4.1. Modeling the Environment
The proposed model was applied to a simulation to determine the potential benefits of the system. Vissim simulation software was used to model the effects of this framework on a real intersection. Data from two intersections, 128th Street and 72nd Avenue and 132nd Street and 72nd Avenue in Surrey, BC, were utilized to create and calibrate a Vissim model and ensure that it is an accurate representation of reality [
3].
The modeling environment, PTV Vissim, utilizes a Wiederman 99 car-following model. The model, which accurately represents car following behavior, allows for the creation of several different vehicle classes. A custom class relating to connected vehicles was created that allows for all V2I and I2V communications to be limited to vehicles of the CV class.
PTV Vissim’s COM integration allows for the extraction of real-time traffic data from the simulation, including position, speed, and other relevant parameters and dynamic assignment of desired speed distributions. Different parameters may also be changed during a simulation, including signal states as well as individual kinematic variables for specific vehicles. Of note is the desired speed of a vehicle, which may be modified during the simulation. The desired speed represents a predefined speed distribution that defines a vehicle’s acceleration and deceleration behavior.
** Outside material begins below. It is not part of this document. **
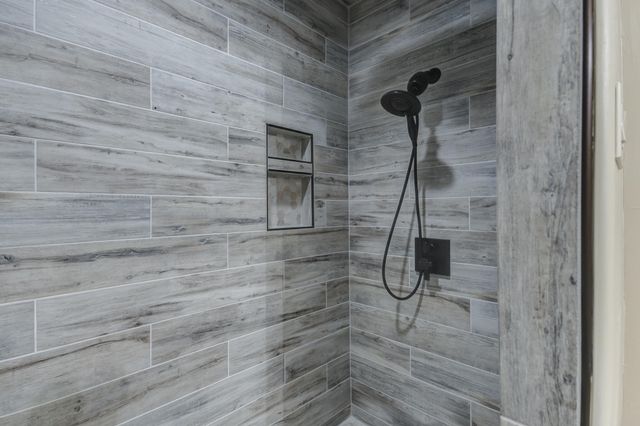 8009 F M 2641, Shallowater, TX 79363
This may be used to emulate speed advisories given that the behavior is similar to driver reaction to speed limits, and slight variations in speeding/slowing down behavior are likely to be observed in practice. Speed distributions were created in PTV Vissim emulating the typical distribution of vehicle speeds at the speed limits of 30, 40, and 50 km/h with a shifted mean to represent desired speed distributions for discrete speed limits within this range (e.g., centered at 32, 36, 42, 49 km/h).
4.2. Defining the Test Sites
A total of two intersections were modeled with varying scenarios created to represent different arrival patterns and traffic volumes throughout the day. The first intersection on 128th Street and 72nd Avenue was used to train the reinforcement learning model, while the second intersection was set aside to be used to validate the results.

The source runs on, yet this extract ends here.